Web page caption snippets:
_ _ _

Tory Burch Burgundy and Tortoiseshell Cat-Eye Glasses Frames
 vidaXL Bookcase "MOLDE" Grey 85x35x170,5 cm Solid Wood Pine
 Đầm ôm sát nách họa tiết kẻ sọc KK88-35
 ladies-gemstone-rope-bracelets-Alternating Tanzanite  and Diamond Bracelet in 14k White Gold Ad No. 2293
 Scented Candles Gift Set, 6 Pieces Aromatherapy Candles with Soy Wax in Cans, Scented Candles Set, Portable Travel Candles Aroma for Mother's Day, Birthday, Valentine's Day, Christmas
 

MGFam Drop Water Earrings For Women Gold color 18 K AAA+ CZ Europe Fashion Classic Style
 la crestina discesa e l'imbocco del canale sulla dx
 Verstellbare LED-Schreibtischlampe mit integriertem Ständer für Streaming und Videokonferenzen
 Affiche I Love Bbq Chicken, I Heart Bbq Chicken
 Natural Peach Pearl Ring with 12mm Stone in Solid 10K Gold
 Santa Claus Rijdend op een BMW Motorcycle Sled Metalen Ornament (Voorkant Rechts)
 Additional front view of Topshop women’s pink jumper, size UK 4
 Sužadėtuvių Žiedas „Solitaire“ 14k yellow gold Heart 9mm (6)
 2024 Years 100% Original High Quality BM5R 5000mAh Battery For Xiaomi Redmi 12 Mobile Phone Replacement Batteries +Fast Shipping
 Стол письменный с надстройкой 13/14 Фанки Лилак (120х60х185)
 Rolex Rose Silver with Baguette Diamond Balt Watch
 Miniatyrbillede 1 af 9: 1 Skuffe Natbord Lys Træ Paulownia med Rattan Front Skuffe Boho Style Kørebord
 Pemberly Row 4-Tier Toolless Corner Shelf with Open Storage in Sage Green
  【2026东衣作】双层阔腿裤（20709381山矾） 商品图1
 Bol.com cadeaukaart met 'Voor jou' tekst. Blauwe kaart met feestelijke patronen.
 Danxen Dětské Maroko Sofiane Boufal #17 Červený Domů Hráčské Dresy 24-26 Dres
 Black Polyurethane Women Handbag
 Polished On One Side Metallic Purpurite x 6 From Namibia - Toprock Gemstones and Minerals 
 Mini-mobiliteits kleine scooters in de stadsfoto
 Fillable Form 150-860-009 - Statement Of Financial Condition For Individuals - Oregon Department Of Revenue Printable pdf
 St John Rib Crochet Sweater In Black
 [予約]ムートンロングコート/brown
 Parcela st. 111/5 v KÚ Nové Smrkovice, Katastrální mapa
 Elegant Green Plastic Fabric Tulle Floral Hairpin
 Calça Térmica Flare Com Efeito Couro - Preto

_ _ _

Instructions to follow » Reproduce, please, every line of the records above without alteration.

Exercise result »
Tory Burch Burgundy and Tortoiseshell Cat-Eye Glasses Frames
 vidaXL Bookcase "MOLDE" Grey 85x35x170,5 cm Solid Wood Pine
 Đầm ôm sát nách họa tiết kẻ sọc KK88-35
 ladies-gemstone-rope-bracelets-Alternating Tanzanite  and Diamond Bracelet in 14k White Gold Ad No. 2293
 Scented Candles Gift Set, 6 Pieces Aromatherapy Candles with Soy Wax in Cans, Scented Candles Set, Portable Travel Candles Aroma for Mother's Day, Birthday, Valentine's Day, Christmas
 

MGFam Drop Water Earrings For Women Gold color 18 K AAA+ CZ Europe Fashion Classic Style
 la crestina discesa e l'imbocco del canale sulla dx
 Verstellbare LED-Schreibtischlampe mit integriertem Ständer für Streaming und Videokonferenzen
 Affiche I Love Bbq Chicken, I Heart Bbq Chicken
 Natural Peach Pearl Ring with 12mm Stone in Solid 10K Gold
 Santa Claus Rijdend op een BMW Motorcycle Sled Metalen Ornament (Voorkant Rechts)
 Additional front view of Topshop women’s pink jumper, size UK 4
 Sužadėtuvių Žiedas „Solitaire“ 14k yellow gold Heart 9mm (6)
 2024 Years 100% Original High Quality BM5R 5000mAh Battery For Xiaomi Redmi 12 Mobile Phone Replacement Batteries +Fast Shipping
 Стол письменный с надстройкой 13/14 Фанки Лилак (120х60х185)
 Rolex Rose Silver with Baguette Diamond Balt Watch
 Miniatyrbillede 1 af 9: 1 Skuffe Natbord Lys Træ Paulownia med Rattan Front Skuffe Boho Style Kørebord
 Pemberly Row 4-Tier Toolless Corner Shelf with Open Storage in Sage Green
  【2026东衣作】双层阔腿裤（20709381山矾） 商品图1
 Bol.com cadeaukaart met 'Voor jou' tekst. Blauwe kaart met feestelijke patronen.
 Danxen Dětské Maroko Sofiane Boufal #17 Červený Domů Hráčské Dresy 24-26 Dres
 Black Polyurethane Women Handbag
 Polished On One Side Metallic Purpurite x 6 From Namibia - Toprock Gemstones and Minerals 
 Mini-mobiliteits kleine scooters in de stadsfoto
 Fillable Form 150-860-009 - Statement Of Financial Condition For Individuals - Oregon Department Of Revenue Printable pdf
 St John Rib Crochet Sweater In Black
 [予約]ムートンロングコート/brown
 Parcela st. 111/5 v KÚ Nové Smrkovice, Katastrální mapa
 Elegant Green Plastic Fabric Tulle Floral Hairpin
 Calça Térmica Flare Com Efeito Couro - Preto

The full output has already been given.